Even while imprisoned, Lane said he has not stopped being a father to his three adult children. He has instilled lessons that teach them that violence is not necessary, and that they must know the triggers in their lives that might cause them to react suddenly — and understand that their actions always have consequences.
It’s not just his own family that he feels beholden to. “I will return to the outside and it’s my responsibility to the victim and his family to be a source of enrichment and hope,” Lane said.
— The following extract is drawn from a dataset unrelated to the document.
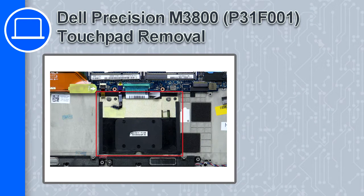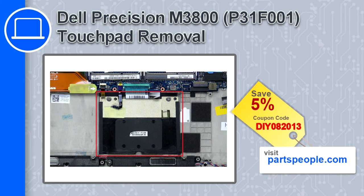How's it going, this is Ricardo, and in this video I'll show you how to remove the touchpad from a Dell Precision M3800. If you're looking for parts for this laptop, go to our website and use this coupon for a 5% off discount.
He wants to be part of the Black community’s growth and empower youth to embrace their resiliency and imagination.
While facilitating the course, Hilty said she was able to see how the carceral system deeply harms people and the communities they come from.
“We’re hopeful about ways that this class might expand opportunities for them to break down the barrier between people who are healers on the inside, in carceral facilities, and people on the outside who are also passionate about doing this work,” Hilty said. “People who have been deeply impacted by trauma and systemic violence are uniquely positioned to act as healers and to break intergenerational cycles of violence.”
Throughout the class, Lane and Hilty brought in guest lecturers from Chicago who work in violence interruption and trauma healing, including several who had experienced incarceration. Lane said these lectures enabled those inside to show solidarity with the work being done outside and demonstrate how they are working to change perceptions of who they are.
“We have been the poison of our communities,” Lane said, quoting his friend Manuel Metlock. “Now we are the antidote.”